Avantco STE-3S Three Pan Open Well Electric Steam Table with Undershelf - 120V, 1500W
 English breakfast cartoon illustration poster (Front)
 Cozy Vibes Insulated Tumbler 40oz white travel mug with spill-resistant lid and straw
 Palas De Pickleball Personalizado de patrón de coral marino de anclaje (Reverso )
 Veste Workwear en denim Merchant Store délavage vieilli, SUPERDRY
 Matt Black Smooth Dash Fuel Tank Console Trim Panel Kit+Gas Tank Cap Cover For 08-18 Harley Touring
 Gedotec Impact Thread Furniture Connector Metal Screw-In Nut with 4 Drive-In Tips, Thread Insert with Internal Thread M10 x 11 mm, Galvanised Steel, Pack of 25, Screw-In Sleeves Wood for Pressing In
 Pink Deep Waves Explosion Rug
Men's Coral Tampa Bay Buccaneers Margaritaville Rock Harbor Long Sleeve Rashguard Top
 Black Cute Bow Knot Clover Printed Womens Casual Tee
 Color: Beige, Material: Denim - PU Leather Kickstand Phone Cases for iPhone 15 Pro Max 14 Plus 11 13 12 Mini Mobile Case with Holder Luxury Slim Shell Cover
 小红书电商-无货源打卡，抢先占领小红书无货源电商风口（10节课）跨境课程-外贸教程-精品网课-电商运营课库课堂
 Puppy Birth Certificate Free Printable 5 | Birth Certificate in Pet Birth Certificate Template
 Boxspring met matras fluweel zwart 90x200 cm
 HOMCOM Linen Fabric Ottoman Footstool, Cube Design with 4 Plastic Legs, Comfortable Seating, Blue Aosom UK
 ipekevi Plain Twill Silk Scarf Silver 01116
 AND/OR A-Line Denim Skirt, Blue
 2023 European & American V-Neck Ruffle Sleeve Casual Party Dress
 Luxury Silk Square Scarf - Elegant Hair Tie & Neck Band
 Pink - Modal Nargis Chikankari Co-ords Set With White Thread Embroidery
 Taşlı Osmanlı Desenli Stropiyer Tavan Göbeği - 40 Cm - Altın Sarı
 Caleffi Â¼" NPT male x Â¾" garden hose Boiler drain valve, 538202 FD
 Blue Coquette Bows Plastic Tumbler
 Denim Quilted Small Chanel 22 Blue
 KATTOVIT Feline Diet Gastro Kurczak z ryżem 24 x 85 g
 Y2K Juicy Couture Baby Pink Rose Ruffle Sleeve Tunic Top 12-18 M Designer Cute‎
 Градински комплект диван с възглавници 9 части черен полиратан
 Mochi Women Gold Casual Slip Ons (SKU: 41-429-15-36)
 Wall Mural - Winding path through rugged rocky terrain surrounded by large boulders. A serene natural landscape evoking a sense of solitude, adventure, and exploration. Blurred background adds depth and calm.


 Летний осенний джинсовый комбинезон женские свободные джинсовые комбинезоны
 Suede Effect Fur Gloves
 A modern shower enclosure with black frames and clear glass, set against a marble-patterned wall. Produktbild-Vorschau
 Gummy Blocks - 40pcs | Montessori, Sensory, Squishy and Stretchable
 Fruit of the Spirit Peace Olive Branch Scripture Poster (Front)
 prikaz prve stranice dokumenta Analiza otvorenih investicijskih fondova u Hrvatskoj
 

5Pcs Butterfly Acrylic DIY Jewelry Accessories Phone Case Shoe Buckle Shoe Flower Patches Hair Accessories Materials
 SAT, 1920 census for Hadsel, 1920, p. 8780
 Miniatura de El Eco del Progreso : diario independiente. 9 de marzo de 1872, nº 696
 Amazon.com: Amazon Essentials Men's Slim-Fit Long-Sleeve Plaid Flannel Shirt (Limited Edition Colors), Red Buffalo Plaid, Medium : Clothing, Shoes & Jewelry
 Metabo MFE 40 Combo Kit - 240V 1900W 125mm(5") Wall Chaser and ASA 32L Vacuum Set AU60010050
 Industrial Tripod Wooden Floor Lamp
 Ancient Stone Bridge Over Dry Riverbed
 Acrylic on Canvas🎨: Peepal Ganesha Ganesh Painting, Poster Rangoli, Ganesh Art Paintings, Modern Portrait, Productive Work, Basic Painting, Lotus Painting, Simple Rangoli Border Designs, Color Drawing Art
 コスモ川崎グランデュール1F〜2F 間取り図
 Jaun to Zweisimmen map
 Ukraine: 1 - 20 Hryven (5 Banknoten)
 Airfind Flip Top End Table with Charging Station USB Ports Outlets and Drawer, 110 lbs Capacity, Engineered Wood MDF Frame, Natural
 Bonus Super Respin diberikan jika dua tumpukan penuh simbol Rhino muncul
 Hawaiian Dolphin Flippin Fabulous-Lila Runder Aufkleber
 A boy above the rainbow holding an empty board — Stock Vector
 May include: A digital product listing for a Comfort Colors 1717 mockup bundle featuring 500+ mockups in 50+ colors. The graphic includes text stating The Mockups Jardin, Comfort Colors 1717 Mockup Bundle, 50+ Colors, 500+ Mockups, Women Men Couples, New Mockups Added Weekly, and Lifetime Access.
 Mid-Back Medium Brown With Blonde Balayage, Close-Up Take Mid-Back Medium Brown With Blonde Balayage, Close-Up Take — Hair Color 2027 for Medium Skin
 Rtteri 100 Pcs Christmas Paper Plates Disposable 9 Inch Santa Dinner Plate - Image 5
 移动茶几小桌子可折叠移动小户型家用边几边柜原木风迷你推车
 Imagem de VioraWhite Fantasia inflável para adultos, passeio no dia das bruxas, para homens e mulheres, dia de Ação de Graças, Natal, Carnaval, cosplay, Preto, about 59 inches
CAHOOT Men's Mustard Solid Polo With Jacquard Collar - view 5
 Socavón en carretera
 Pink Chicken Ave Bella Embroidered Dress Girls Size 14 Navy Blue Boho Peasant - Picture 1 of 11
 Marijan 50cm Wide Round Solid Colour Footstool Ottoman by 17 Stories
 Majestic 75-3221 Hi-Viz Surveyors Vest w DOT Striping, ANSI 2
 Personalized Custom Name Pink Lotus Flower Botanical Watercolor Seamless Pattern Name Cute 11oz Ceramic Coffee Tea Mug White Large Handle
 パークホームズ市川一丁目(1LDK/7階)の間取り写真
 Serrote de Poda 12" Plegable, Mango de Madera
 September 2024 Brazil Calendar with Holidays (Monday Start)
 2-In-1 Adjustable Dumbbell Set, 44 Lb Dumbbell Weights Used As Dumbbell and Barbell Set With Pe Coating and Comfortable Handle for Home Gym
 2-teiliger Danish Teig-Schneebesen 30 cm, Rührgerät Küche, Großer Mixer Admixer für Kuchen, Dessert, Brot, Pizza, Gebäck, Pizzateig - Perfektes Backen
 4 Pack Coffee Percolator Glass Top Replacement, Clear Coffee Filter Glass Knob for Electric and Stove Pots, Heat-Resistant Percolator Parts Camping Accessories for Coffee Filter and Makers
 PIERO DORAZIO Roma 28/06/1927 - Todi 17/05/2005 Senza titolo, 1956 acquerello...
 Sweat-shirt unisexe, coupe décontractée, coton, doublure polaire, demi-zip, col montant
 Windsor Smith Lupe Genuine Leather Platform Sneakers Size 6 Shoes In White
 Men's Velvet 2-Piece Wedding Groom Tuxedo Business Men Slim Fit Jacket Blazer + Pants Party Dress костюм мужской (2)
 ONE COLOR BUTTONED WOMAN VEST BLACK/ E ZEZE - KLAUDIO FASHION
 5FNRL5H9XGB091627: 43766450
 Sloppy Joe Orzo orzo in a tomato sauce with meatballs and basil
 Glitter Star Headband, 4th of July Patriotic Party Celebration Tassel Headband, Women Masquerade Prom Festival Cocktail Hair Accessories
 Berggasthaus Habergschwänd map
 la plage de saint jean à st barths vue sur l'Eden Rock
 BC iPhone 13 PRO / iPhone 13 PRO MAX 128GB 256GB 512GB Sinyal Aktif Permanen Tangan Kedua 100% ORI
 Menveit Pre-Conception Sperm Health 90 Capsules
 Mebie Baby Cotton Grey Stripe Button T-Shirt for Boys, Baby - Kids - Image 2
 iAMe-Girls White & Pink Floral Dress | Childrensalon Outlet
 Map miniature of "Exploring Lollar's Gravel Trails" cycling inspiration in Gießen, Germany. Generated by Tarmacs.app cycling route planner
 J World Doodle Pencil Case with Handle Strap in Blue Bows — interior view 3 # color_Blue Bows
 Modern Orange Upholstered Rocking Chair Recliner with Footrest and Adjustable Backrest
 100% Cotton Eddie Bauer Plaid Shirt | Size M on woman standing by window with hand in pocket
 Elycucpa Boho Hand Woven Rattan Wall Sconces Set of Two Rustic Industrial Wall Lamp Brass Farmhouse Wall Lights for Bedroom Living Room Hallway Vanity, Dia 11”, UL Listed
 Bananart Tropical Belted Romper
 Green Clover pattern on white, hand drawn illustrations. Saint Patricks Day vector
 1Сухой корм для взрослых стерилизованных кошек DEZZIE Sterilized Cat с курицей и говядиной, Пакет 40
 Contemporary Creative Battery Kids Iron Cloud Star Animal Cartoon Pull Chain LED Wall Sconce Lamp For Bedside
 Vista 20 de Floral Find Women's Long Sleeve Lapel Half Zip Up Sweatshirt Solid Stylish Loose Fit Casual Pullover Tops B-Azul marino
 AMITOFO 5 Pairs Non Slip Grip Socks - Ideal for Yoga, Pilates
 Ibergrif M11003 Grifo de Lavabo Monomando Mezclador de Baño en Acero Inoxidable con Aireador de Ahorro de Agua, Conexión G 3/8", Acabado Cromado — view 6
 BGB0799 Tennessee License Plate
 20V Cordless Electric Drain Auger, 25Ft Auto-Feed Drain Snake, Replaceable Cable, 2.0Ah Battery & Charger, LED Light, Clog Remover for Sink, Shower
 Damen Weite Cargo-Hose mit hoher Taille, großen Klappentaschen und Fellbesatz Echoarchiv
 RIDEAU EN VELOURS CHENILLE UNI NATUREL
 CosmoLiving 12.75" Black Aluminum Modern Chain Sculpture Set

# What you are asked to do
Everything from the first line above up to and including the line that contains "小红书电商-无货源打卡，抢先" should be printed exactly; please print only that.

# Result of this task
Avantco STE-3S Three Pan Open Well Electric Steam Table with Undershelf - 120V, 1500W
 English breakfast cartoon illustration poster (Front)
 Cozy Vibes Insulated Tumbler 40oz white travel mug with spill-resistant lid and straw
 Palas De Pickleball Personalizado de patrón de coral marino de anclaje (Reverso )
 Veste Workwear en denim Merchant Store délavage vieilli, SUPERDRY
 Matt Black Smooth Dash Fuel Tank Console Trim Panel Kit+Gas Tank Cap Cover For 08-18 Harley Touring
 Gedotec Impact Thread Furniture Connector Metal Screw-In Nut with 4 Drive-In Tips, Thread Insert with Internal Thread M10 x 11 mm, Galvanised Steel, Pack of 25, Screw-In Sleeves Wood for Pressing In
 Pink Deep Waves Explosion Rug
Men's Coral Tampa Bay Buccaneers Margaritaville Rock Harbor Long Sleeve Rashguard Top
 Black Cute Bow Knot Clover Printed Womens Casual Tee
 Color: Beige, Material: Denim - PU Leather Kickstand Phone Cases for iPhone 15 Pro Max 14 Plus 11 13 12 Mini Mobile Case with Holder Luxury Slim Shell Cover
 小红书电商-无货源打卡，抢先占领小红书无货源电商风口（10节课）跨境课程-外贸教程-精品网课-电商运营课库课堂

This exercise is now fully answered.